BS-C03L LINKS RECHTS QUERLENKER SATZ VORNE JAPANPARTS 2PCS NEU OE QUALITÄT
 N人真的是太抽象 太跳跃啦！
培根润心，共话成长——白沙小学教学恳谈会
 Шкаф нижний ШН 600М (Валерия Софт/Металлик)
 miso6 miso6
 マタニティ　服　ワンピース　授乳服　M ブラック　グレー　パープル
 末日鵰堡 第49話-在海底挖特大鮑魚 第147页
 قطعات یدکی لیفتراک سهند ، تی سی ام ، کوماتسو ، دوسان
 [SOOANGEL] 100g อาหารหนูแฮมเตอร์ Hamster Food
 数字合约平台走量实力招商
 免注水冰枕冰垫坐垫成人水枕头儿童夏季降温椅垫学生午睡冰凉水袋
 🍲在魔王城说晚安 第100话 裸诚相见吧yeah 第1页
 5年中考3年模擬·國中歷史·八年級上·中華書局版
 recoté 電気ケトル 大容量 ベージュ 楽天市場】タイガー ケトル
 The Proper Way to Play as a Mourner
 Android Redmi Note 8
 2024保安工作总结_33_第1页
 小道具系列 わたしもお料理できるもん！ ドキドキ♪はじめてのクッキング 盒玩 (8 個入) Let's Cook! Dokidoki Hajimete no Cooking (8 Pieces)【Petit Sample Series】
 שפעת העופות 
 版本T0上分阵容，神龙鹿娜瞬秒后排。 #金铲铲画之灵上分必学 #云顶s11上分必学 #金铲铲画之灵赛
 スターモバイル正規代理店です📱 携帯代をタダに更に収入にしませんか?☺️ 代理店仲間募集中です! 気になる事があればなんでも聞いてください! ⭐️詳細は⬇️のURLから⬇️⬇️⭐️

> BRIEF
The task calls for each record to be returned verbatim.

> RESPONSE AREA
BS-C03L LINKS RECHTS QUERLENKER SATZ VORNE JAPANPARTS 2PCS NEU OE QUALITÄT
 N人真的是太抽象 太跳跃啦！
培根润心，共话成长——白沙小学教学恳谈会
 Шкаф нижний ШН 600М (Валерия Софт/Металлик)
 miso6 miso6
 マタニティ　服　ワンピース　授乳服　M ブラック　グレー　パープル
 末日鵰堡 第49話-在海底挖特大鮑魚 第147页
 قطعات یدکی لیفتراک سهند ، تی سی ام ، کوماتسو ، دوسان
 [SOOANGEL] 100g อาหารหนูแฮมเตอร์ Hamster Food
 数字合约平台走量实力招商
 免注水冰枕冰垫坐垫成人水枕头儿童夏季降温椅垫学生午睡冰凉水袋
 🍲在魔王城说晚安 第100话 裸诚相见吧yeah 第1页
 5年中考3年模擬·國中歷史·八年級上·中華書局版
 recoté 電気ケトル 大容量 ベージュ 楽天市場】タイガー ケトル
 The Proper Way to Play as a Mourner
 Android Redmi Note 8
 2024保安工作总结_33_第1页
 小道具系列 わたしもお料理できるもん！ ドキドキ♪はじめてのクッキング 盒玩 (8 個入) Let's Cook! Dokidoki Hajimete no Cooking (8 Pieces)【Petit Sample Series】
 שפעת העופות 
 版本T0上分阵容，神龙鹿娜瞬秒后排。 #金铲铲画之灵上分必学 #云顶s11上分必学 #金铲铲画之灵赛
 スターモバイル正規代理店です📱 携帯代をタダに更に収入にしませんか?☺️ 代理店仲間募集中です! 気になる事があればなんでも聞いてください! ⭐️詳細は⬇️のURLから⬇️⬇️⭐️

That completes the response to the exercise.